一般定期借地権とは、借地期間満了により借地権が確定的に終了する権利のことです。設定するには、公正証書等の書面によって借地期間を50年以上と定める必要があります。
2. この評価方法が適用される対象税目は何ですか?
この評価方法は、相続税および贈与税を対象としています。
3. 原則として、一般定期借地権の目的となっている宅地の価額はどのように評価されますか?
課税上弊害がない限り、一般定期借地権が設定された時点の「底地割合」を自用地としての価額に乗じて計算します。この方法は、財産評価基本通達の定めにかかわらず、当分の間適用される特例的な評価方法です。
4. 「底地割合」を用いた評価方法が適用されるのは、どのような地域ですか?
この評価方法は、路線価図で定められたC地域、D地域、E地域、F地域、G地域に適用されます。
5. 路線価図においてA地域、B地域、および借地権の取引慣行のない地域に該当する場合、宅地の評価はどのように行われますか?
これらの地域については、特例的な評価方法によらず、財産評価基本通達25(2)の定めによる原則的な評価方法によって評価します。
6. 「課税上弊害がある場合」と見なされるのは、どのような状況ですか?具体的な例を一つ挙げてください。
課税上弊害がある場合とは、特例的な評価方法を適用することが租税負担の公平を害すると考えられる状況を指します。例えば、一般定期借地権の借地権者が、借地権設定者の親族や同族法人等の特殊関係者である場合がこれに該当します。
7. 借地権者が借地権設定者の特殊関係者である場合、なぜ通常の評価方法が適用されないのですか?
当事者が親族等の特殊関係者である場合、その設定が通常の取引とは異なり、税負担を不当に回避する目的で行われた可能性があるためです。このような状況は「課税上弊害がある場合」と見なされ、原則的な評価方法である財産評価基本通達の定めにより評価されます。

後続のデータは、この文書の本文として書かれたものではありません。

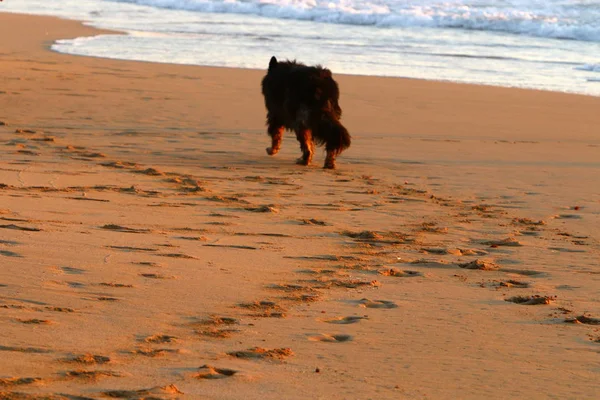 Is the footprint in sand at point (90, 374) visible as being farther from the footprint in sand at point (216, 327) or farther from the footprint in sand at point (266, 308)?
the footprint in sand at point (266, 308)

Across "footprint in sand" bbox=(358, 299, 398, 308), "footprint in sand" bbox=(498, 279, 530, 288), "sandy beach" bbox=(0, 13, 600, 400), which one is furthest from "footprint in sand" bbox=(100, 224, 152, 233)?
"footprint in sand" bbox=(498, 279, 530, 288)

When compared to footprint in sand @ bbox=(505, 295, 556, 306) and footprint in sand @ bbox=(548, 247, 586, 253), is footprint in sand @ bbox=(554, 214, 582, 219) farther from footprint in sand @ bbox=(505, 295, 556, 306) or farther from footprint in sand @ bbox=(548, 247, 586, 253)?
footprint in sand @ bbox=(505, 295, 556, 306)

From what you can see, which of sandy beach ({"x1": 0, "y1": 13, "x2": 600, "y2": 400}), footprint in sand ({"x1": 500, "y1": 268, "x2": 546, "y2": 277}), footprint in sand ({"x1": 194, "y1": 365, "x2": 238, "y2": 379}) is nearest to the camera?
footprint in sand ({"x1": 194, "y1": 365, "x2": 238, "y2": 379})

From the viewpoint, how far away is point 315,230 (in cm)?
630

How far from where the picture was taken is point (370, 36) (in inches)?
1018

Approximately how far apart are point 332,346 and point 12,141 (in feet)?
20.5

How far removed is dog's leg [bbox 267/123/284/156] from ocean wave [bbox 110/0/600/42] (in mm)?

8. 一般定期借地権が設定された時点の「底地割合」について、借地権割合が「C地域(70%)」および「E地域(50%)」の場合の底地割合をそれぞれ答えてください。
提供された資料の表に基づくと、C地域(借地権割合70%)の底地割合は55%です。また、E地域(借地権割合50%)の底地割合は65%です。
9. 第三者間の設定であっても、通常の評価方法が適用されない可能性があるのはどのような場合ですか?
当事者が第三者間であっても、その設定が税負担回避行為を目的としたものであると認められる場合には、「課税上弊害がある場合」に該当します。このため、特例的な評価方法によらず、財産評価基本通達の定めにより評価されます。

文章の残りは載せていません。